Published online by Cambridge University Press: 13 September 2024
An organizational approach to the study of dispositions in United States District Courts is outlined, focusing on the pressures created by the combination of an increasing demand for service together with a relative decline in resources. The functions of courts are identified as adjudication, judicial administration, and policymaking. After stating some of the general theoretical issues involved in the approach taken here, courts are described in terms of the following organizational characteristics: (1) they are networks of organized activities with a mixed collegial and bureaucratic authority structure, as well as informal political processes of coordination, (2) heteronomous, (3) a labor-intensive professional service, (4) a branch of government, (5) nonspecialized, (6) passive, (7) vertically and horizontally interrelated with other organizations, (8) whose tasks are influenced by the demographic, economic, and legalgovernmental characteristics of the jurisdictional environment
Theoretically, the output of courts (e.g., the volume and nature of dispositions) is seen as determined by the environmental profile and the complexity of the task structure, with fiscal resources and organizational structure as intervening variables. These major organizational dimensions and variables are illustrated with data on the six District Courts of the Second Circuit.
A preliminary statistical analysis presents the effects of the jurisdictional environment on various types of filings in all United States District Courts in 1950, 1960, and 1973. The results confirm one aspect of the historically increasing involvement of government in the economy and society, namely, that which is mediated by the federal courts. The increasing governmental presence is shown in civil litigation involving the United States government as defendant and plaintiff, as well as in the contextual effects on filings of governmental agencies at the federal, state, and local levels.

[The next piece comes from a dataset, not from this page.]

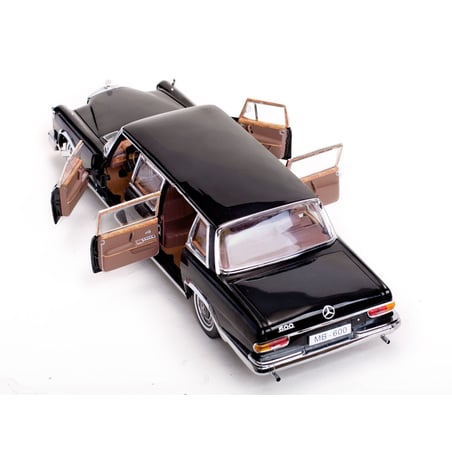 1/18 Mercedes Benz 600 Pullman 1966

The paper concludes with a brief discussion of three types of responses to the current crisis of the judiciary: the judicial response, emanating from the law-finding and adjudicatory role of courts; the bureaucratic response, reflecting the progressive transformation of adjudication into administration; and the technocratic response, emerging as a synthesis of adjudication and administration and stressing the policy-making function of courts within the context of the modern American politieal economy.